On the other hand, the cases and legal treatise the DOT cites do not squarely address the question presented in this case.  See Jonas, 19 Wis. 2d at 642-644 (considering whether a condemnee properly treated noncontiguous parcels as a single parcel for purposes of establishing the value of the whole parcel before the taking); Van Asten, 214 Wis. 2d at 139-141 (concerning the application of the unit rule to the litigation expense provision in the condemnation statute); 4 Nichols on Eminent Domain § 12B (exploring property valuation generally in the United States).  See also Northern Ind. Pub. Serv. Co. v. McCoy, 157 N.E.2d 181, 184-86 (Ind. 1959) (applying both Indiana case law and the legal treatise to hold that because the condemnee had not recorded the plat of a subdivision, the land was to be considered unplatted for valuation purposes), but see Southern Ind. Gas & Elec. Co. v. Riley, 299 N.E.2d 173, 174 (Ind. 1973) (noting that McCoy had “overly broad and misleading explanations”).  Additionally, Spiegelberg makes a strong argument that permitting valuation on a parcel basis does not lead to speculation or conjecture and uncertainty because the parcels are already legally separate entities.  Finally, as we noted, we are to liberally construe Wis. Stat. § 32.09 in favor of the property owner.  See Standard Theatres, Inc. v.
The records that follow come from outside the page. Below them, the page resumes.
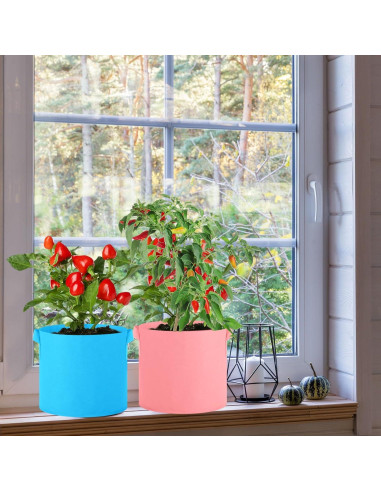 Paquete de 20 Bolsas de Crecimiento Ziliny 19L Multicolor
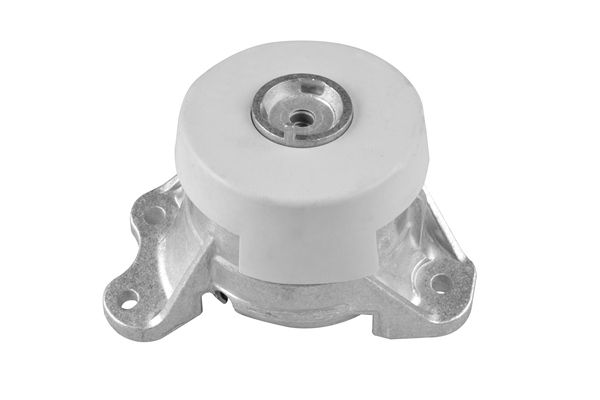 TEDGUM TED49389 Mounting, engine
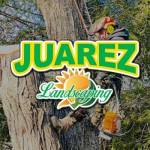 juarez landscaping landscaping Profile Picture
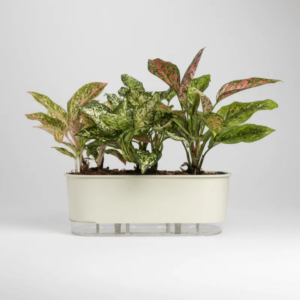 JARDINERA AUTORREGABLE 40 X 14.5 CM CALIZA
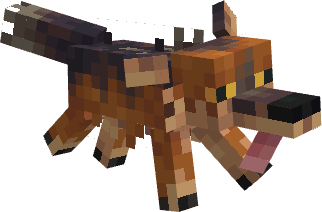 Default Coyote!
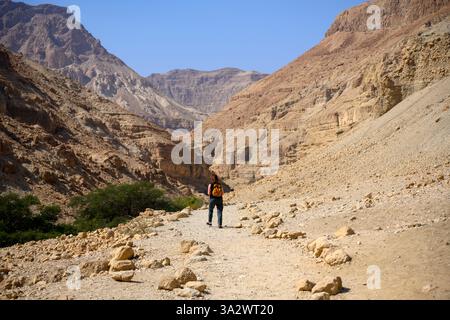 Hiking in Wadi Arugot Ein Gedi national park, Dead Sea. Israel Stock Photo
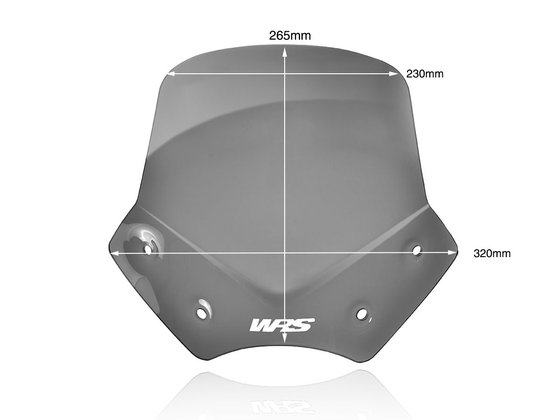 R 1200 R (2006 - 2014) sportinis priekinis stiklas bmw r1200r | WRS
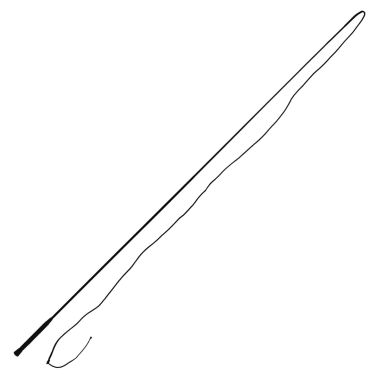 Equitare Lunging whip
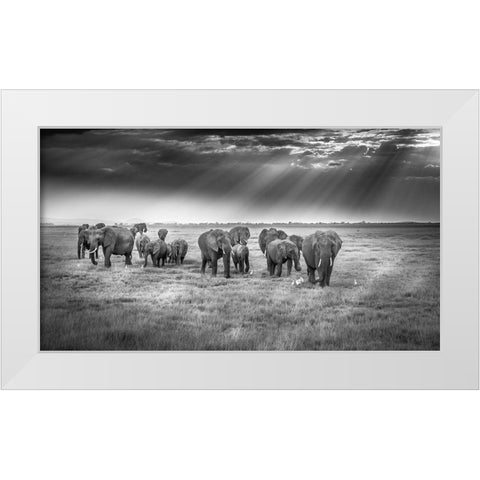 Breakfast With Pachyderms White Modern Wood Framed Art Print by C. Sink, Jeffrey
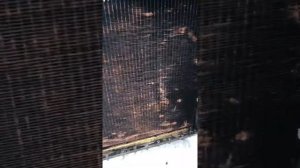 МТЗ Дёшево радиатор.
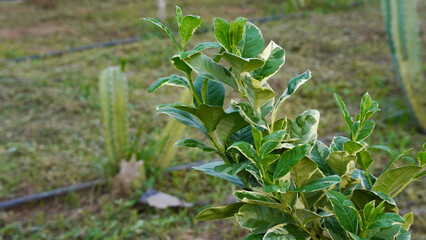 Variegated Eureka Lemon Leaves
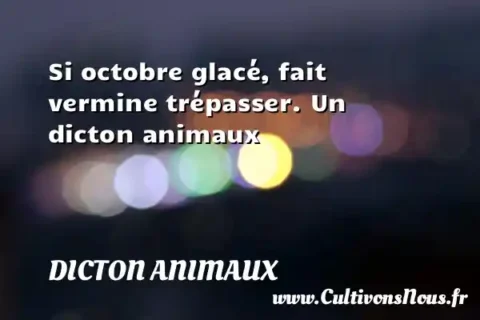 Si octobre glacé, fait vermine trépasser. Un dicton animaux DICTON ANIMAUX
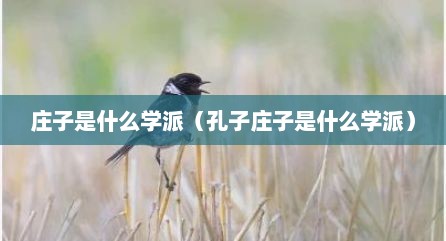 庄子是什么学派（孔子庄子是什么学派）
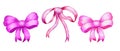 Watercolor hand drawn three ribbon bows in pink purple fuchsia lilac colors. For birthday baby shower celebration party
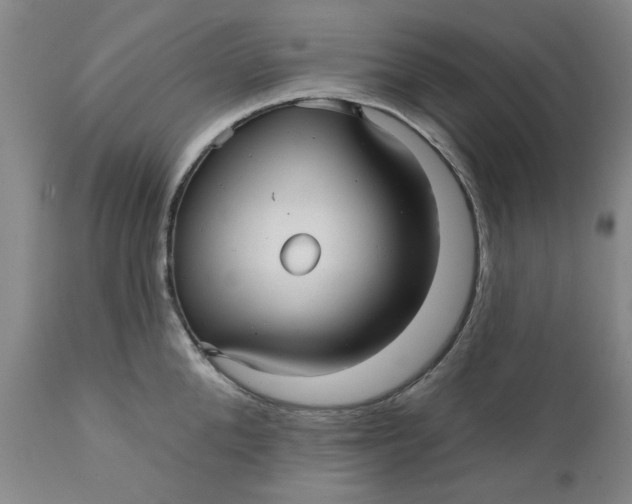 X0000112030904200908241535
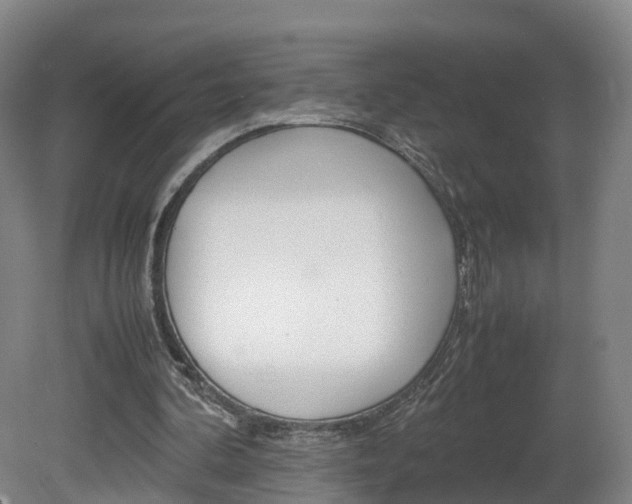 X0000082150292200701191031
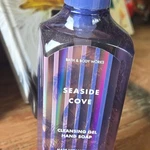 Bath & Body Works Seaside Cove Purple Palm Gel Cleansing Hand Soap. Fixed Price $19.99.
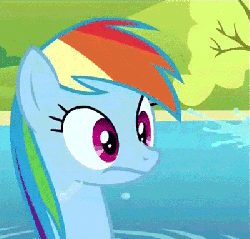 Size: 400x383 | Tagged: safe, screencap, rainbow dash, pony, g4, maud pie (episode), animated, female, open mouth, reaction image, solo, water, wet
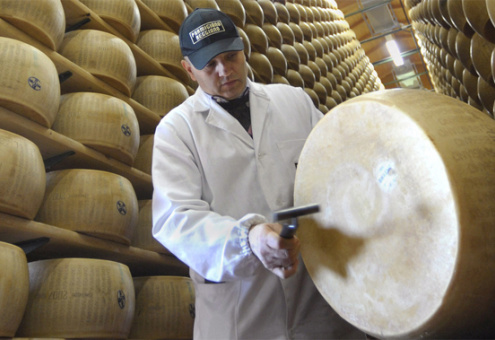 Мировая торговля сыром в 2015 году стабилизировалась на уровне 2,2 млн. тонн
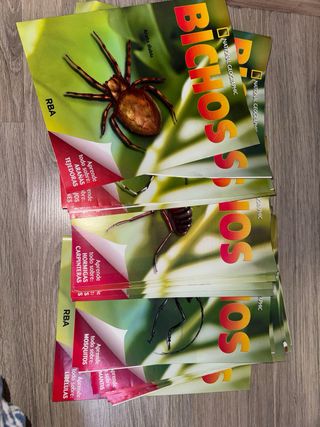 Collezione di insetti in resina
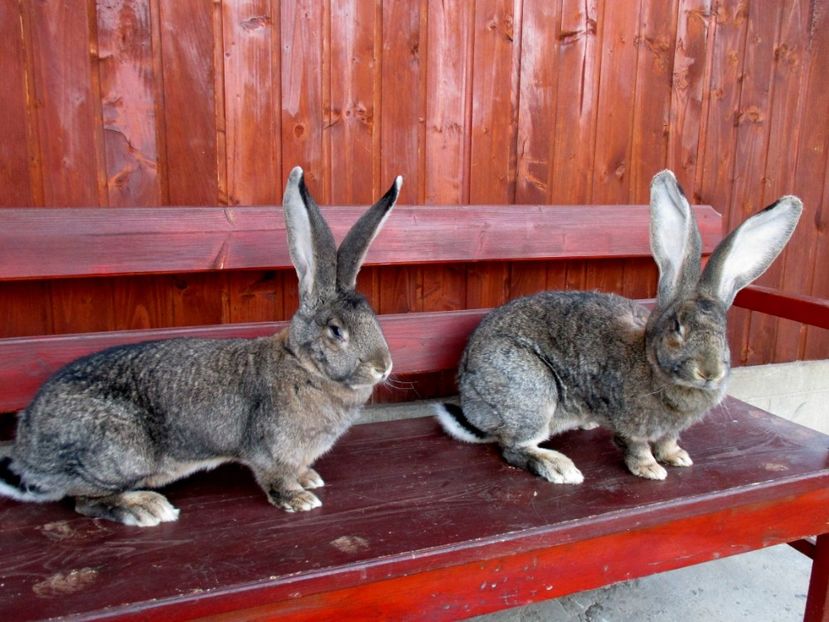  - Femela gri-Beverly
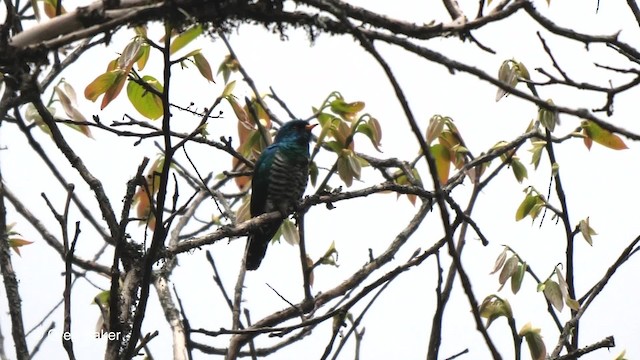 Asian Emerald Cuckoo - ML201792421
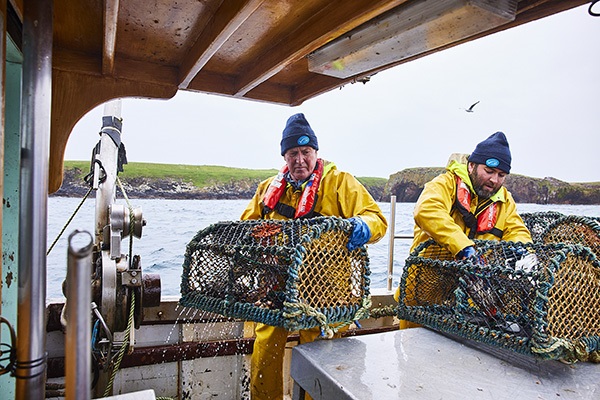 Shetland brown crab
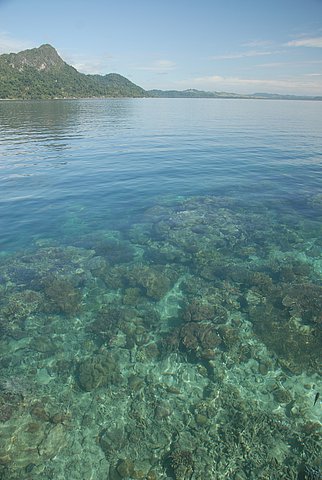 Seram Ora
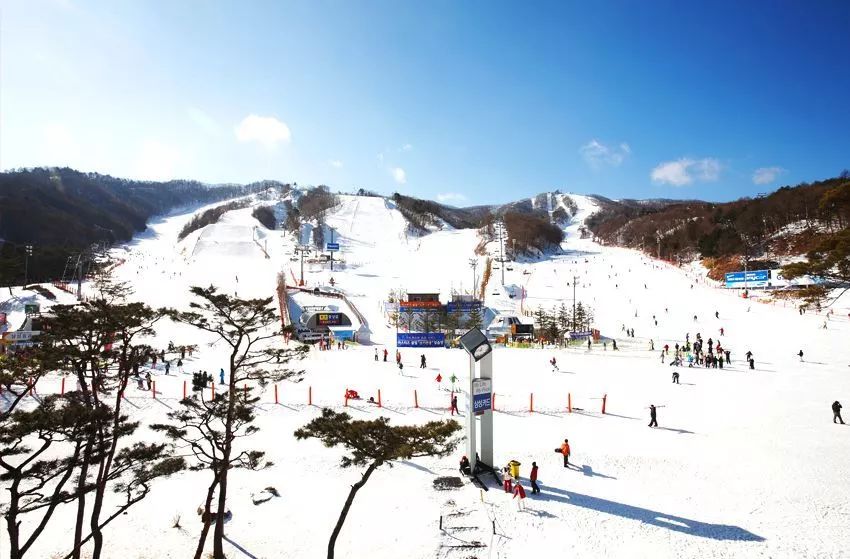 成都er请注意！这个冬天去韩国和日本滑雪你一定要了解这几点(图2)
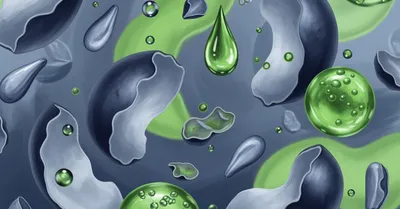 NAD+前駆体NMN/NRの効果サイズを検証、本当に若返るのか？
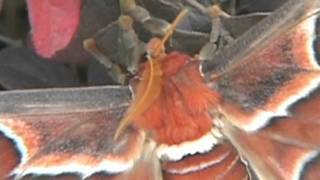 GIANT MOTH: Huge insect found in China
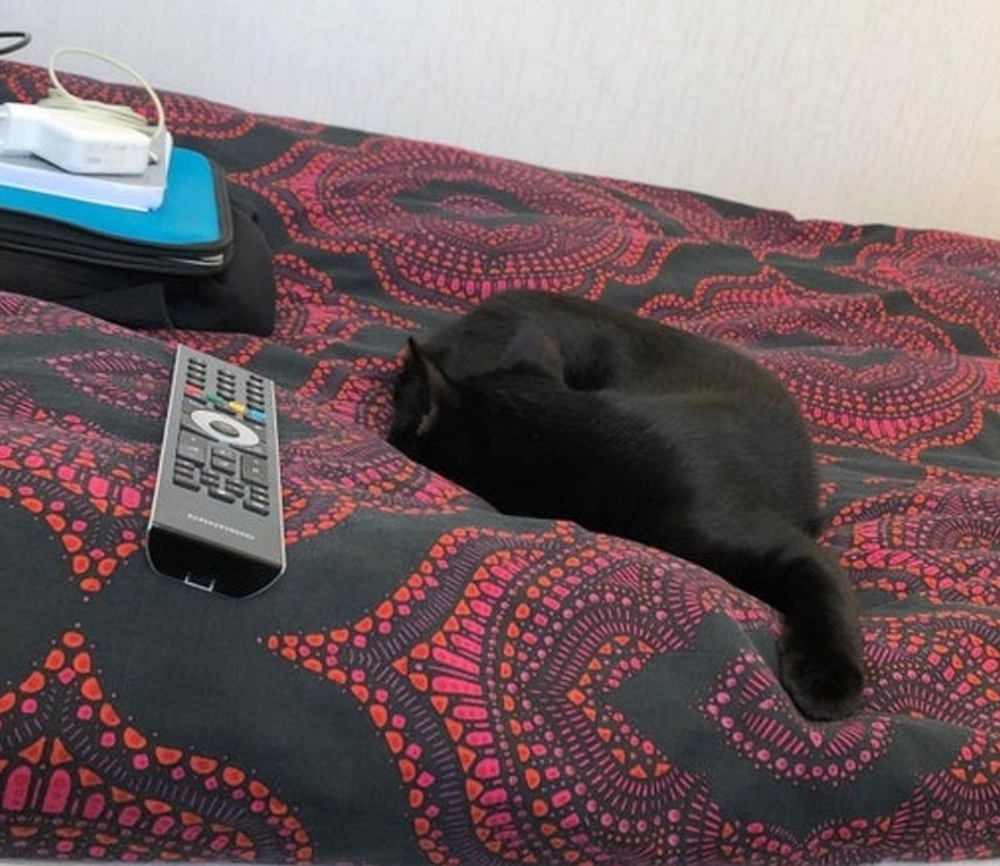 18 картинок, которые выглядят как фотошоп, но это настоящие фото!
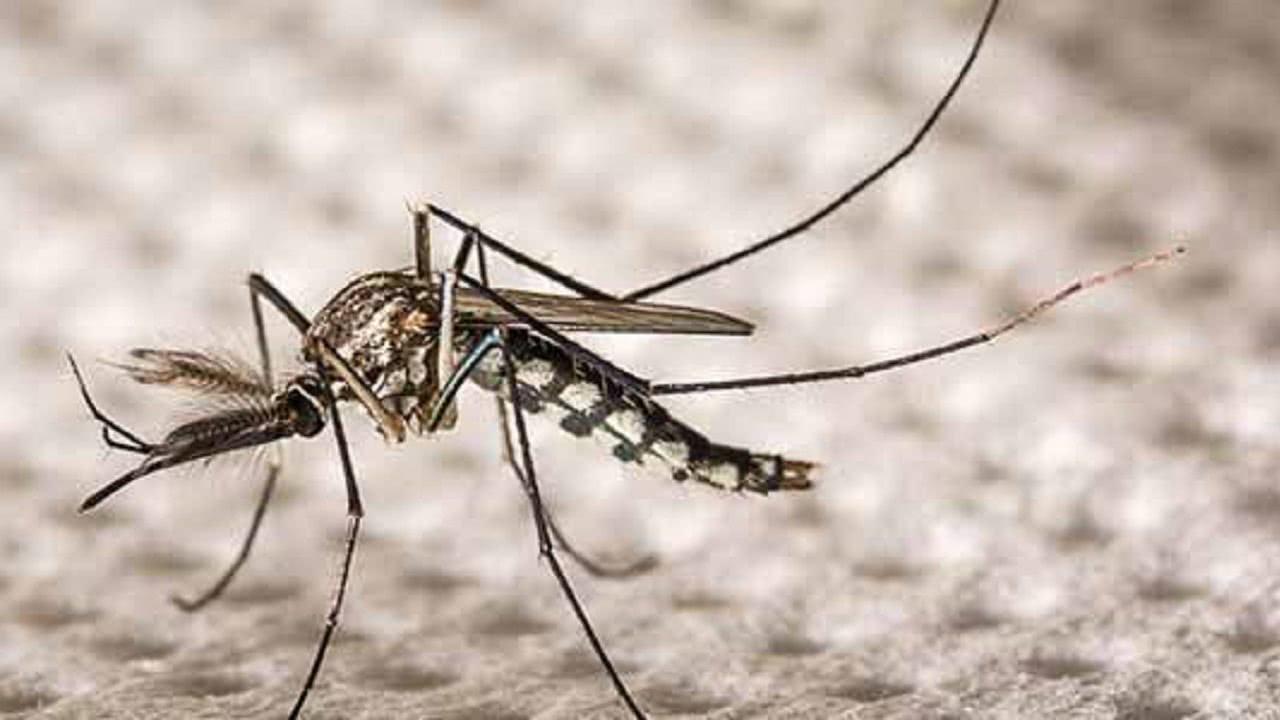 La zanzara molesta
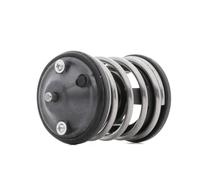 Termostato, Refrigerante compatibile con BMW MINI 725274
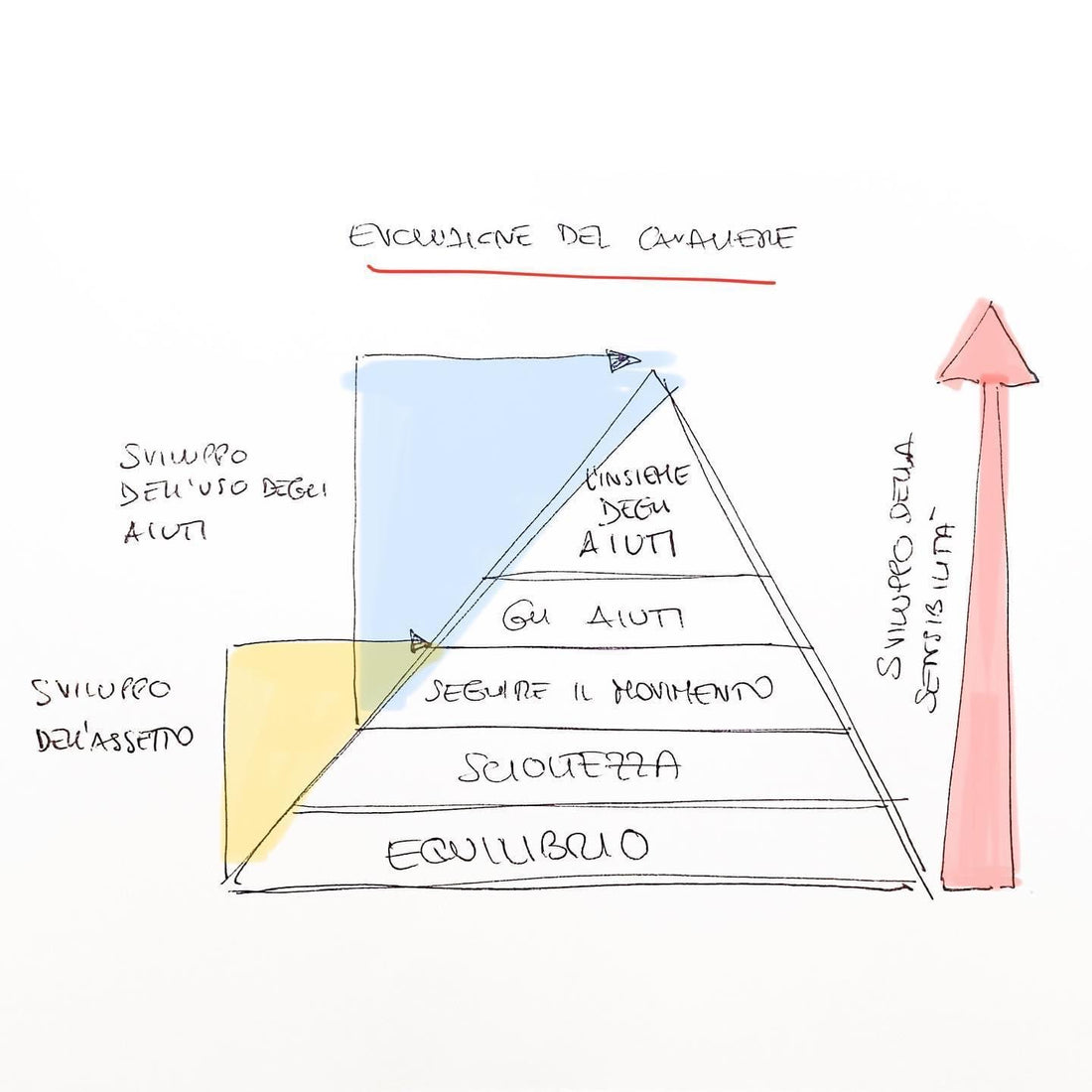 L’evoluzione del cavaliere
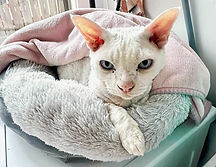 Palliative Care for cats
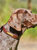 Weatherbeeta Padded Leather Dog Collar (Brown) (XS)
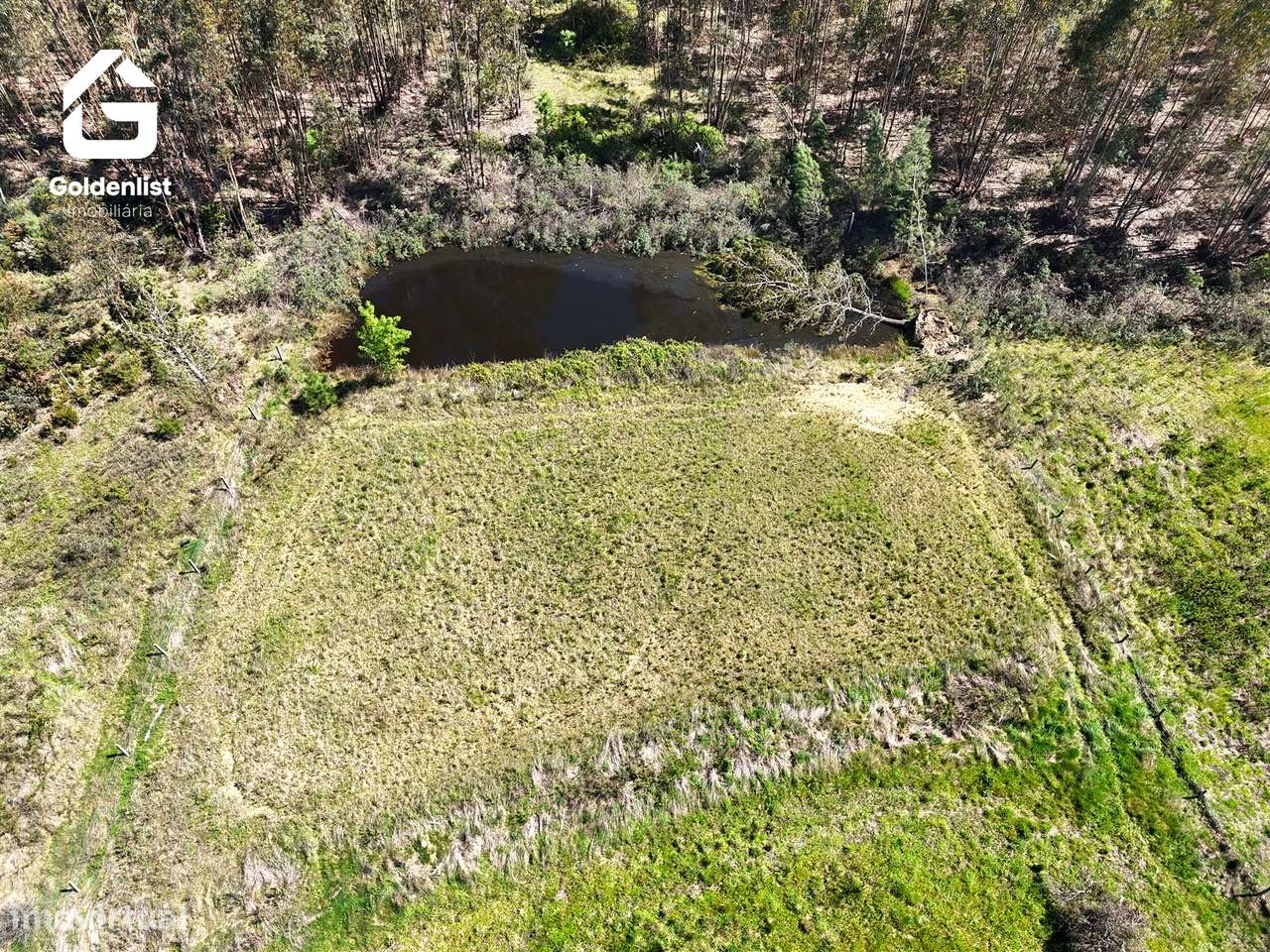 Quintinha  Venda em Fratel,Vila Velha de Ródão-16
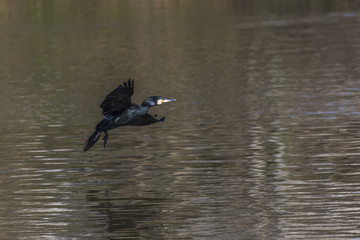 Kormoran (Phalacrocorax carbo)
DOT, 118 Wis. 2d 730, 742-43, 349 N.W.2d 661 (1984).  Spiegelberg points out that larger parcels typically sell for less per acre than smaller parcels.  It therefore seems more consistent with the policy of liberal construction to hold that, just as with subdivided lots, a condemnee is entitled to be compensated for the difference between the sum of the fair market values of each individual tax parcel before and after the taking.

CONCLUSION

The question of what constitutes proper compensation for a condemnee where the property consists of contiguous individual tax parcels is a question of statutory interpretation that raises important public policy concerns.  The supreme court is the law declaring and law defining court and, as such, is the proper judicial authority to resolve the legal and policy considerations that are of first impression in this state.  We respectfully ask the supreme court to provide definitive guidance in order to ensure proper compensation for property owners in Wisconsin.


 

 



[1]  All references to the Wisconsin Statutes are to the 2003-04 version unless otherwise noted.